Massage Ideal Client Persona Template (free PDF download)

Researching and writing your client persona

The research process to create your persona(s) can reveal unexpected results. It may turn out that the primary factors that motivated your ideal client to come to you initially wasn’t what you originally thought. It would also be useful to talk to a couple of people who you thought were ideal clients, who only saw you once. Find out if there is some aspect of your practice/service that could be inadvertently driving your people away.

Be sure to update it periodically, as you learn more about your ideal clients and what motivates them.

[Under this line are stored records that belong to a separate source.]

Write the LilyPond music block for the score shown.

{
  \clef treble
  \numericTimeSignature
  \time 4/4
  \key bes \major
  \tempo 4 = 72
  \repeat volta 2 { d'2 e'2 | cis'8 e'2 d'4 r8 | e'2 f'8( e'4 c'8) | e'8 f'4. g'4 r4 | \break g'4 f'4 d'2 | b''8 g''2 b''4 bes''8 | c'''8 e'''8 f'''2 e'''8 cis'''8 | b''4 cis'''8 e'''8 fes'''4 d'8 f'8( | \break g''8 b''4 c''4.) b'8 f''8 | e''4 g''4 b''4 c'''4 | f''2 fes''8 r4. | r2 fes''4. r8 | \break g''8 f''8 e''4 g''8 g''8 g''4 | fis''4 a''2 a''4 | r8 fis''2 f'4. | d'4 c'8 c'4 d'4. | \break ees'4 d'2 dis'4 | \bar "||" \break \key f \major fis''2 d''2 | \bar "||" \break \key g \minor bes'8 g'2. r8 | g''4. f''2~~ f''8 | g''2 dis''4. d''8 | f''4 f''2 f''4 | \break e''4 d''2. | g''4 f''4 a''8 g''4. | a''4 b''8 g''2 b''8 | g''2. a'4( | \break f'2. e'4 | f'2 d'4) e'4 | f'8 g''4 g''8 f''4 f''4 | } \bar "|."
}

Make sure that any updates reflect new information, or the evolving nature of your practice. Simply applying good listening and observation skills will, over time, reveal new insights about what influences your clients and what attracts them to you and your massage practice.

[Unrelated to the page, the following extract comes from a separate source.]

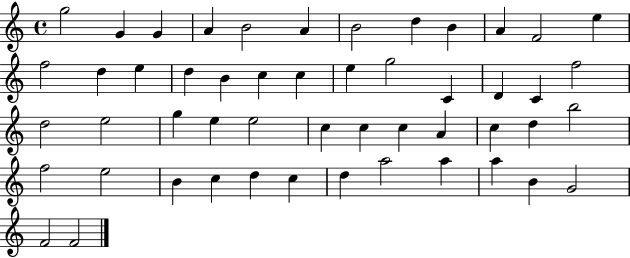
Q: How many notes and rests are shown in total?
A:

You will likely uncover a few new insights about your ideal clients every week through the course of working with them and communicating with them. People like talking about themselves and they feel important when listened to. So most clients will be willing to answer your questions (no interrogation or focus groups needed).

Tips to make a great client persona

  • Keep it very specific. A persona is a profile of a specific (fictitious) person. It obviously won’t exactly correlate with every prospective client. In fact, it won’t be a 100% accurate description of any one client. As long as it has captures many of the qualities of your ideal client. The more detailed, the better. Create 2 or 3 personas to help you make them more specific, so that you’re not giving ranges for the descriptors (age 34, not 30-40)
  • Make it as real as possible. After reading it, you should feel like this is a real person who could walk through your door at any time. It should sound like the profile of a real person when you read it.
  • It can be a little like playing detective. The process of buying something or choosing a service provider is an emotional decision. What I mean is that people tend to make their decision based on how they feel about something, then back up that decision with logic (cognitive rationalizing). This can make uncovering the reasons behind customers’ decision to come to our practice difficult, because they may not know.
  • Name your persona. Athlete Annie. Chronic Pain Larry. Make your persona usable and practical. This helps to bring your fictional persona to life.

If you’re just starting your practice, you may need to do some educated guessing to first form your persona. But if you do have some actual ideal clients, then it’s best to ignore your assumptions and biases and use actual input from these clients.

If you have several clients who you would consider “ideal” for your practice, you can base your persona real information from these people. You can survey your clients formally or just informally ask them. You can give survey cards to your ideal clients with 3-5 questions that don’t often come up in casual conversation. Most people will be happy to help you grow your practice, especially after you’ve worked with them a few times by now and have build up some rapport.

Example client persona for a massage practice

Refining your client persona

Use the client’s wording or preferred terms. If you find out that your ideal client tends to use the word “bodywork” when they talk about why they came in, then you may do better to use this term instead of, or in addition to “massage” in your advertising and on your website.

Same thing with alternative vs. complementary health, spa/office/studio, pain vs. soreness. It seems subtle, but using your client’s preferred terms will make them feel like you really understand what they need and want. Knowing what terms your client uses when searching for a solution to their problem will also increase the likelihood that they will find you when searching on the Internet.

One final idea is to find out what else your target market is into, as these things are opportunities for marketing and for teaming up with people in those industries. For example, several of your clients in the recreational athlete market that you serve may also interested in working with a personal trainer. So get to know a personal trainer that you would like to refer clients to and receive referrals from.